The headline figures tell you losses have been reduced, and the investment bank has made some money. The full statement also reveals:
The bank’s balance sheet has been cut. Gross assets are down by almost £700 billion to £1522 billion. The bank wishes to make a further reduction, taking off probably around £300 billion more.
Net tangible equity, which was stated as 73.8 pence per share in December 2008, has fallen to 51.3 pence in December 2009.
Operating expenses are up from £13.5 billion to £14.954 billion.
The non core operating loss is up from £11.3 billion to £14.6 billion. The total operating loss is down slightly from £6.9 billion to £6.2 billion. Insurance claims are up. Impairment losses on both the core and non core businesses are up (that’s allowances for bad debts etc).
The new Tier One Capital ratio is up to 11% from 5.9%, so the bank is now financially much stronger thanks to the slimming of the balance sheet and the new capital injected.
The questions to ask include:
1. Why have operating expenses risen so much when the bank is being slimmed?
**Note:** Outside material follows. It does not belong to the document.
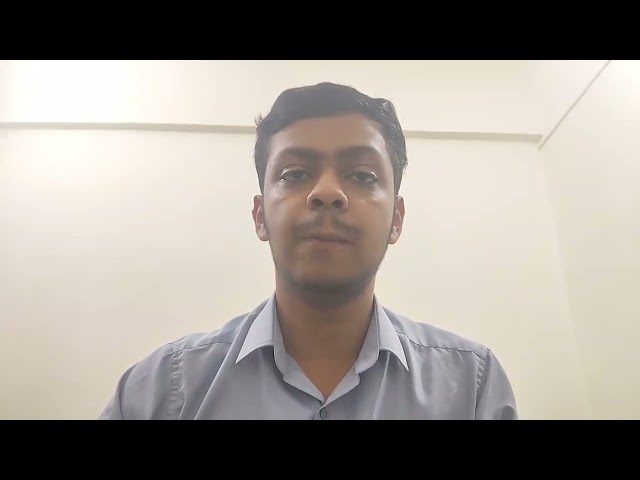 Building an Automated Emergency Room Coordination System in Java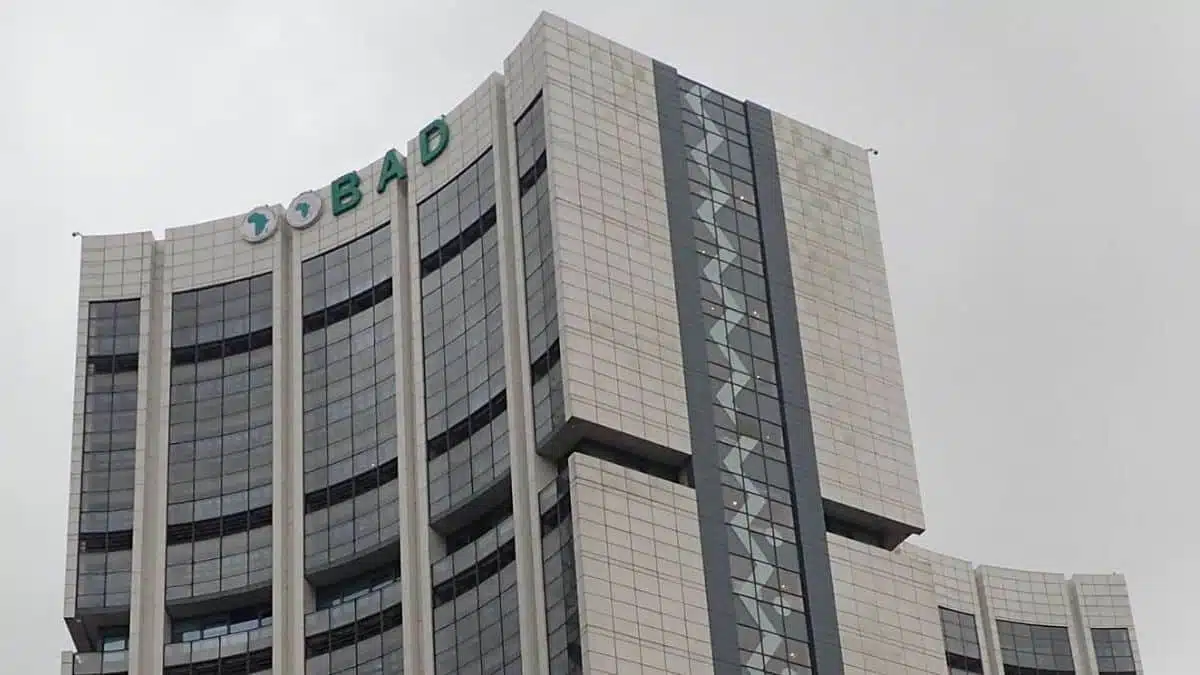 Économie algérienne : pourquoi la BAD la classe parmi les plus solides d’Afrique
Are the bonus arrangements really appropriate given the overall loss making nature of the bank?
2. What action is being taken to control impairment losses?
3. What action is being taken to improve the insurance divisions results?
4. If the aim is to reduce a bank with a £2.2 trillion balance sheet to a bank with around a £1.2 trillion balance sheet, what impact will that have on the value of the shares?
5. Couldn’t more of the risk reduction and balance sheet slimming be done by selling businesses from within the Group?
The government missed a big opportunity to impose controls on cash bonuses before the Group is profitable overall when it failed to make that a condition of the new capital. Surely the best way to motivate new staff being recruited, or existing staff when renegotiating contracts, is to give them incentives geared to the realisation of profits for taxpayers?